## INPUT DATA
○ ○ ○
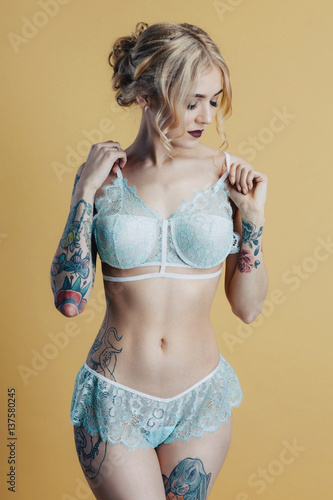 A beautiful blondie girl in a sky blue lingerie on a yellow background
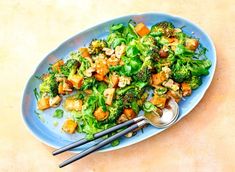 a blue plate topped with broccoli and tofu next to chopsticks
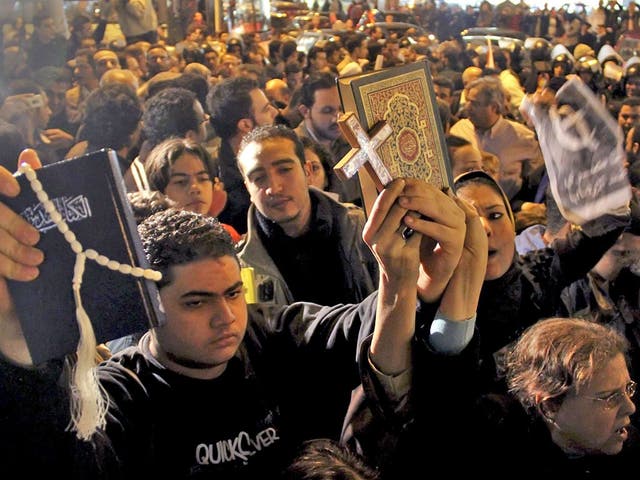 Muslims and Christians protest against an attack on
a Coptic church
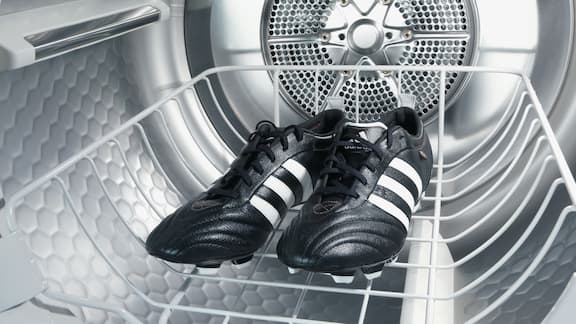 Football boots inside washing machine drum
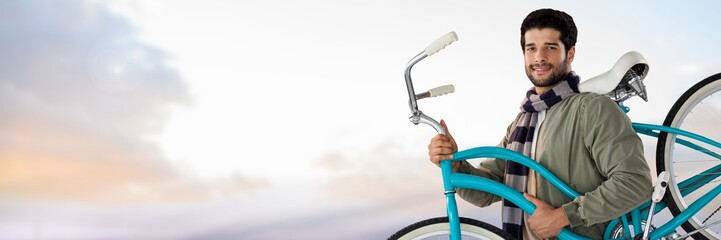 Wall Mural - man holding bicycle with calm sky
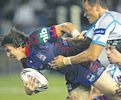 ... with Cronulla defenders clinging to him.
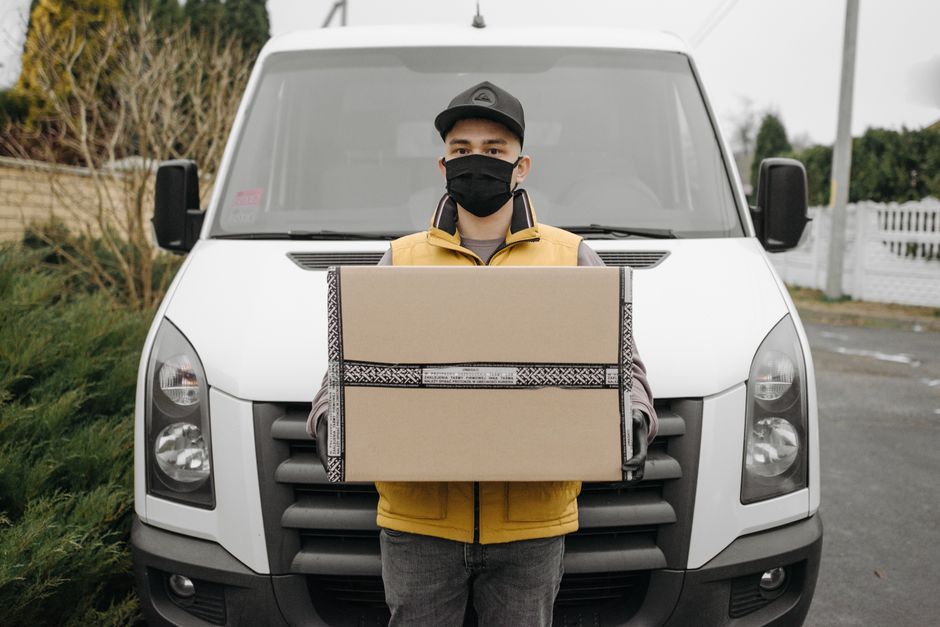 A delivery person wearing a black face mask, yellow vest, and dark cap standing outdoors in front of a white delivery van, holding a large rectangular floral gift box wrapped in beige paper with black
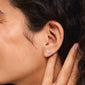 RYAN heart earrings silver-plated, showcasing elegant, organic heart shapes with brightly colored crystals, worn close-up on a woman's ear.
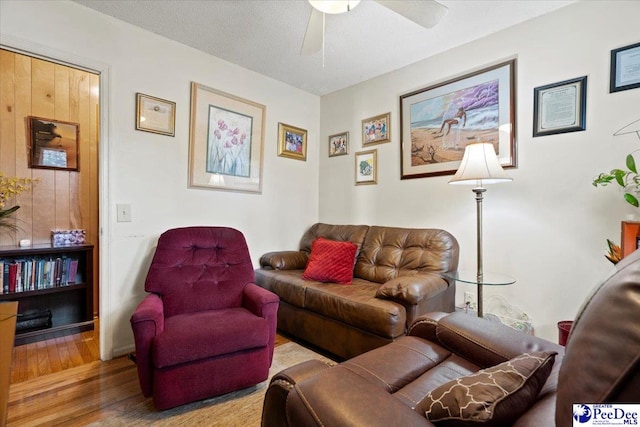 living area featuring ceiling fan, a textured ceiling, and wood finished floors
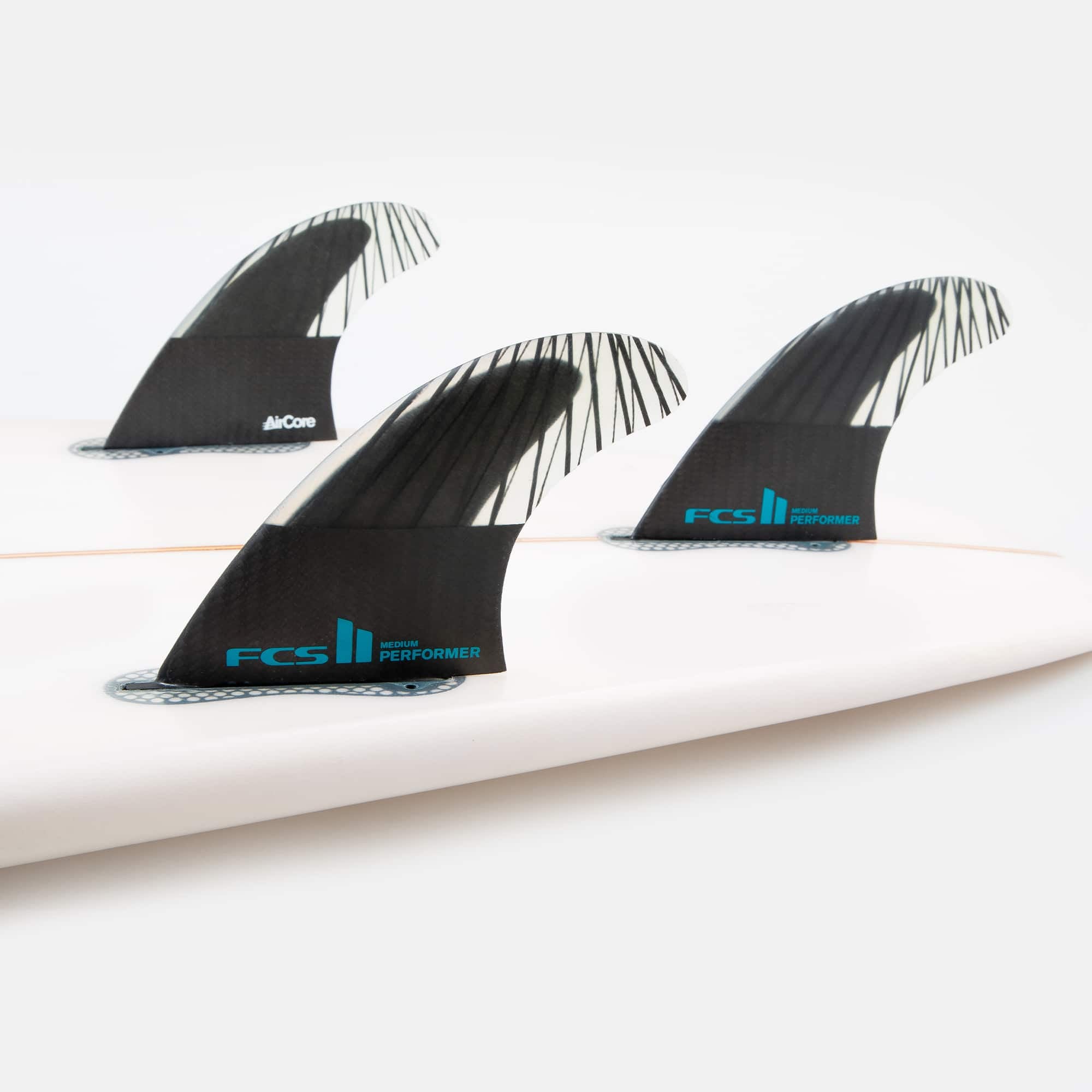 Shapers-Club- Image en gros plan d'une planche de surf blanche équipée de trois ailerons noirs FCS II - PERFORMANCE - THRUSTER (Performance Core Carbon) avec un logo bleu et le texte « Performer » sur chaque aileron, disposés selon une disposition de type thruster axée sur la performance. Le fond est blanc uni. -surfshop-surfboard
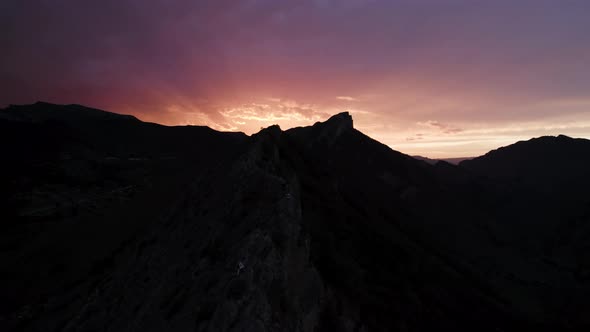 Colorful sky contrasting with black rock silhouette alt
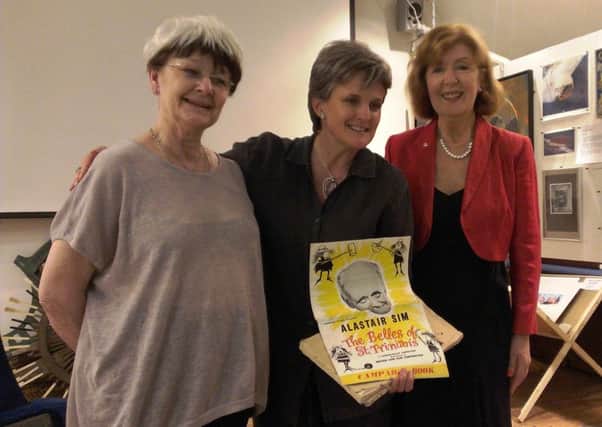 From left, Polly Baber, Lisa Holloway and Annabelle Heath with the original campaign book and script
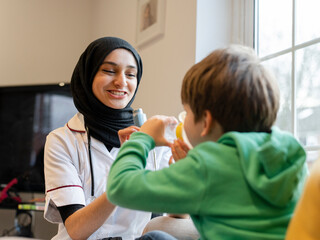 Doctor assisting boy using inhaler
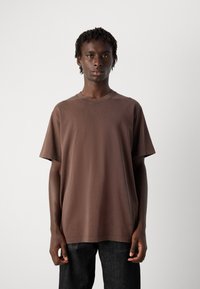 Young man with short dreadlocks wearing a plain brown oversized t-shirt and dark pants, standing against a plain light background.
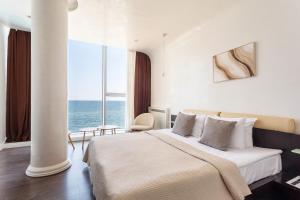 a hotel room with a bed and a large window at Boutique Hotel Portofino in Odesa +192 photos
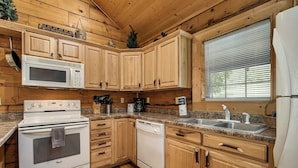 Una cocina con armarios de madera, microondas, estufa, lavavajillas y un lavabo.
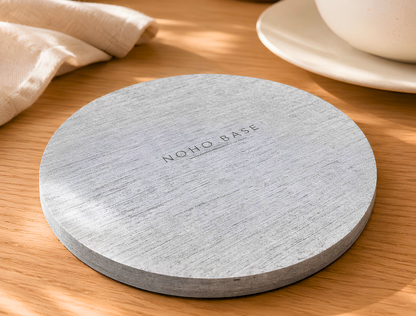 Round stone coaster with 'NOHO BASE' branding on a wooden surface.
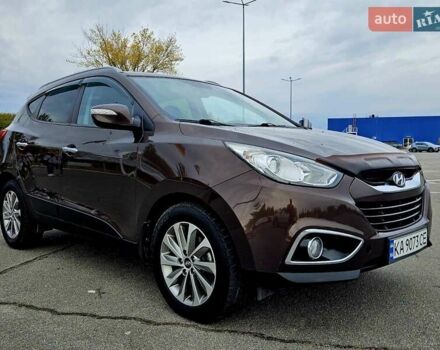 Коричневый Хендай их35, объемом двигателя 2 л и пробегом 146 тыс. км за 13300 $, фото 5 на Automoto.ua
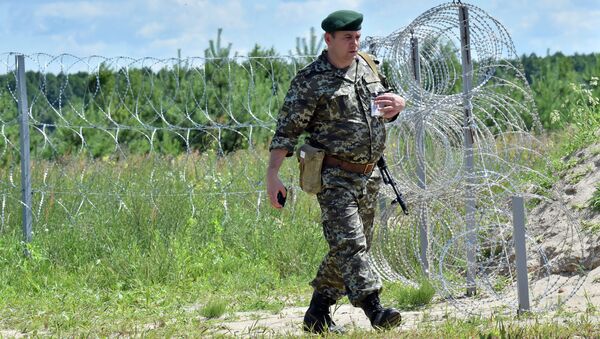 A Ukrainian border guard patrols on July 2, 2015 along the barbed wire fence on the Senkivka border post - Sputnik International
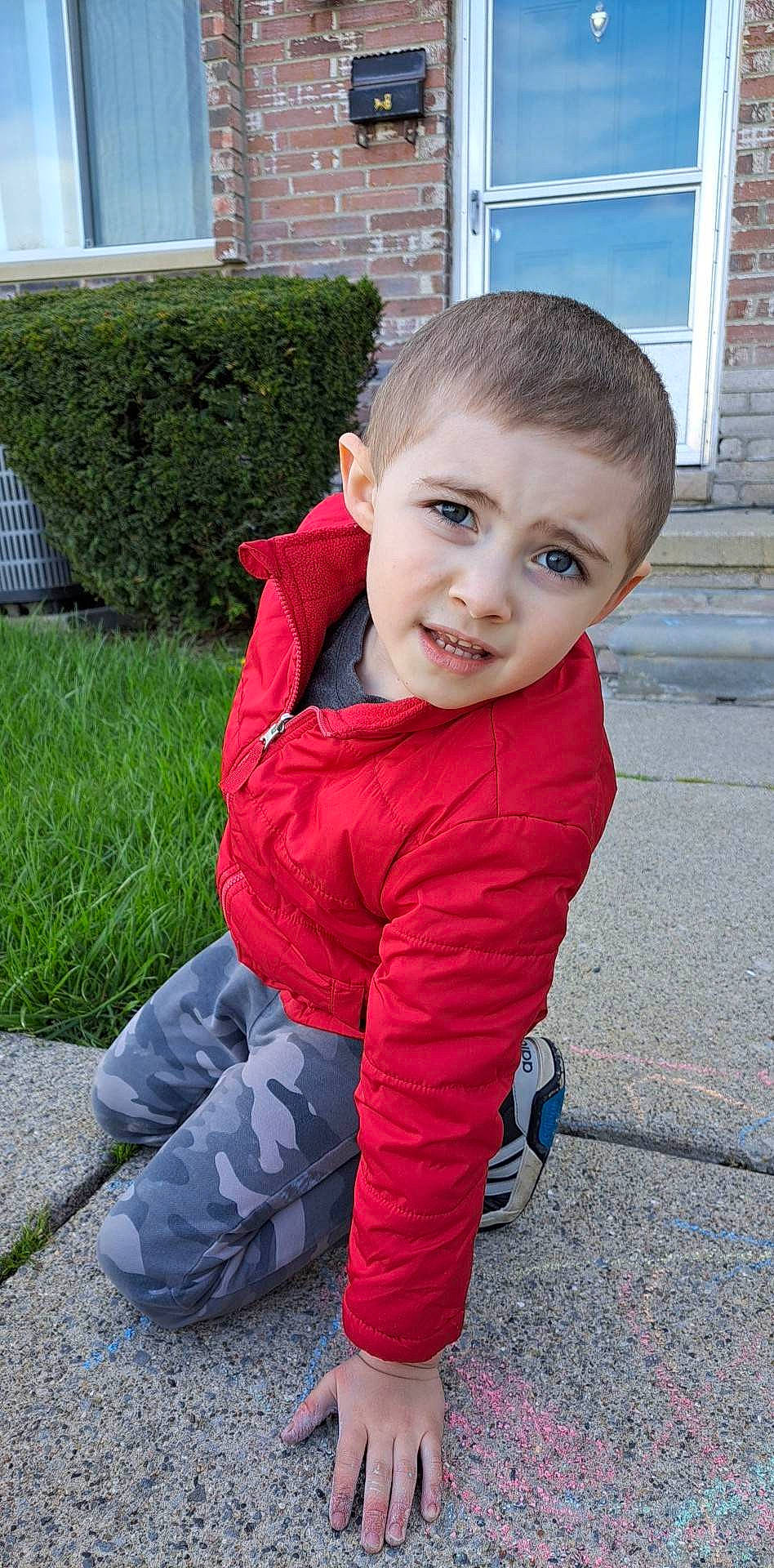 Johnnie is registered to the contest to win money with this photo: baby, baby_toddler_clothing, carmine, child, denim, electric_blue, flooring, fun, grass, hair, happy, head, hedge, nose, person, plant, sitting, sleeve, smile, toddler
○ ○ ○
## PROBLEM TO WORK ON
Copy all the material word for word, minus its pictures.

## ANSWER SPACE
 A beautiful blondie girl in a sky blue lingerie on a yellow background
 a blue plate topped with broccoli and tofu next to chopsticks
 Muslims and Christians protest against an attack on
a Coptic church
 Football boots inside washing machine drum
 Wall Mural - man holding bicycle with calm sky
 ... with Cronulla defenders clinging to him.
 A delivery person wearing a black face mask, yellow vest, and dark cap standing outdoors in front of a white delivery van, holding a large rectangular floral gift box wrapped in beige paper with black
 RYAN heart earrings silver-plated, showcasing elegant, organic heart shapes with brightly colored crystals, worn close-up on a woman's ear.
 living area featuring ceiling fan, a textured ceiling, and wood finished floors
 Shapers-Club- Image en gros plan d'une planche de surf blanche équipée de trois ailerons noirs FCS II - PERFORMANCE - THRUSTER (Performance Core Carbon) avec un logo bleu et le texte « Performer » sur chaque aileron, disposés selon une disposition de type thruster axée sur la performance. Le fond est blanc uni. -surfshop-surfboard
 Colorful sky contrasting with black rock silhouette alt
 From left, Polly Baber, Lisa Holloway and Annabelle Heath with the original campaign book and script
 Doctor assisting boy using inhaler
 Young man with short dreadlocks wearing a plain brown oversized t-shirt and dark pants, standing against a plain light background.
 a hotel room with a bed and a large window at Boutique Hotel Portofino in Odesa +192 photos
 Una cocina con armarios de madera, microondas, estufa, lavavajillas y un lavabo.
 Round stone coaster with 'NOHO BASE' branding on a wooden surface.
 Коричневый Хендай их35, объемом двигателя 2 л и пробегом 146 тыс. км за 13300 $, фото 5 на Automoto.ua
 A Ukrainian border guard patrols on July 2, 2015 along the barbed wire fence on the Senkivka border post - Sputnik International
 Johnnie is registered to the contest to win money with this photo: baby, baby_toddler_clothing, carmine, child, denim, electric_blue, flooring, fun, grass, hair, happy, head, hedge, nose, person, plant, sitting, sleeve, smile, toddler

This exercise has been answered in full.